What you have to do:
Each line from the one with "free printable humorous get well cards" through the last line below must be written out exactly. Do not copy pictures.
*** Opening of Dataset records ***
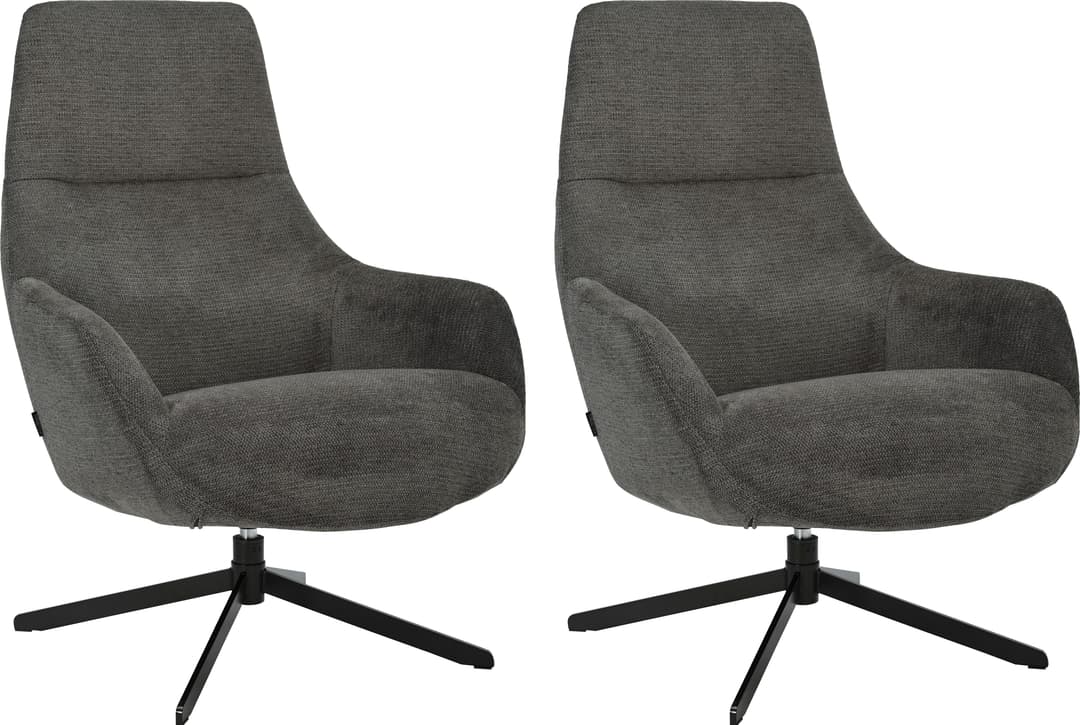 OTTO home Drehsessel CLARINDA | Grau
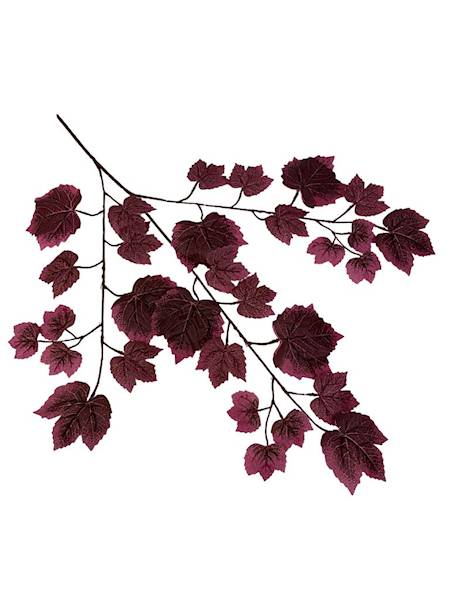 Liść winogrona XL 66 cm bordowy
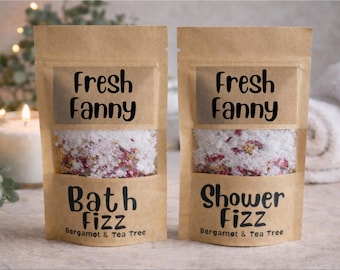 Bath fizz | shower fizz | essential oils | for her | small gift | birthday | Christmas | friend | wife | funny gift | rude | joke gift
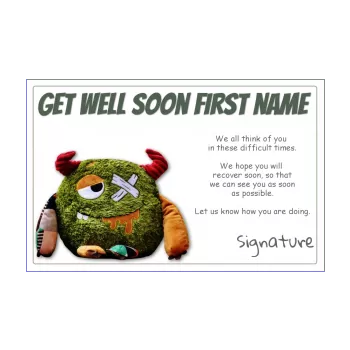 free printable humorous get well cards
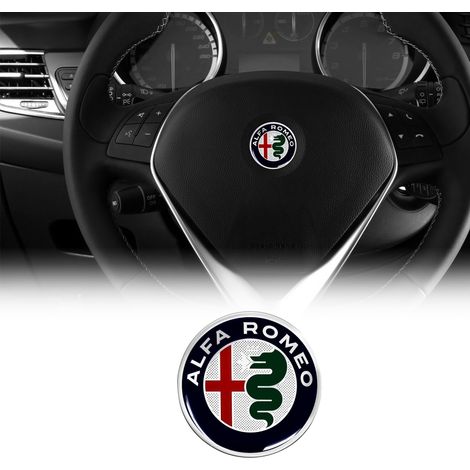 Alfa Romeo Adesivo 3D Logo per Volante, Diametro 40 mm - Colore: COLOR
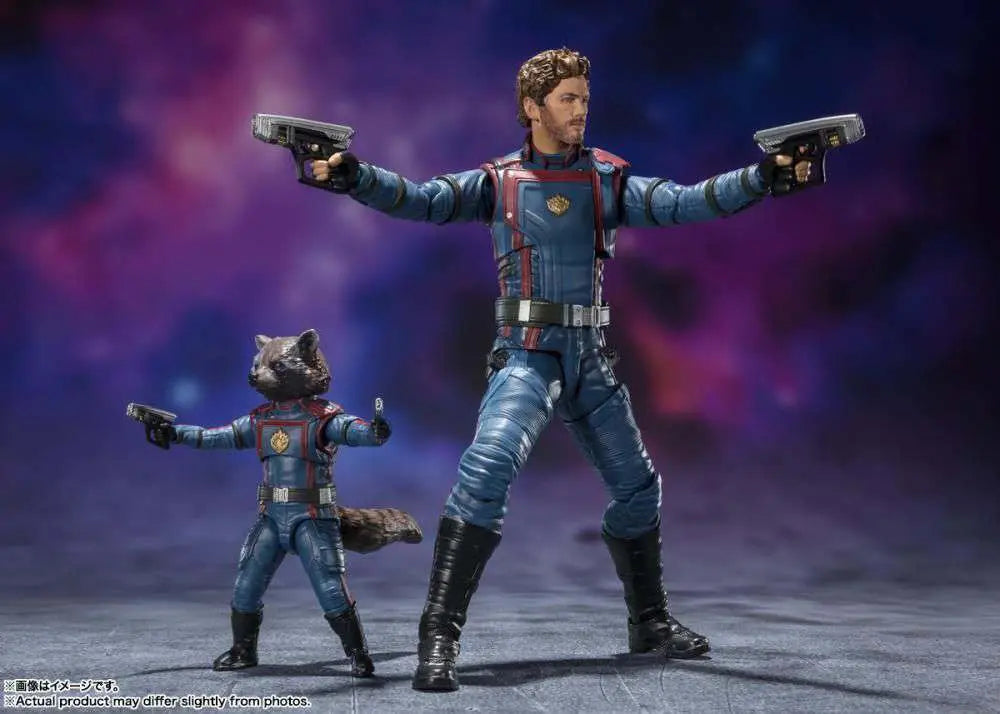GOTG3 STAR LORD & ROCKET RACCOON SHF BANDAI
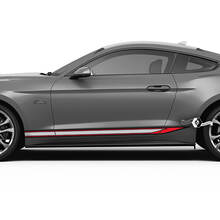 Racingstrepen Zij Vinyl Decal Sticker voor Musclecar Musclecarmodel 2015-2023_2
*** Close of Dataset records ***
Response to the exercise:
 free printable humorous get well cards
 Alfa Romeo Adesivo 3D Logo per Volante, Diametro 40 mm - Colore: COLOR
GOTG3 STAR LORD & ROCKET RACCOON SHF BANDAI
 Racingstrepen Zij Vinyl Decal Sticker voor Musclecar Musclecarmodel 2015-2023_2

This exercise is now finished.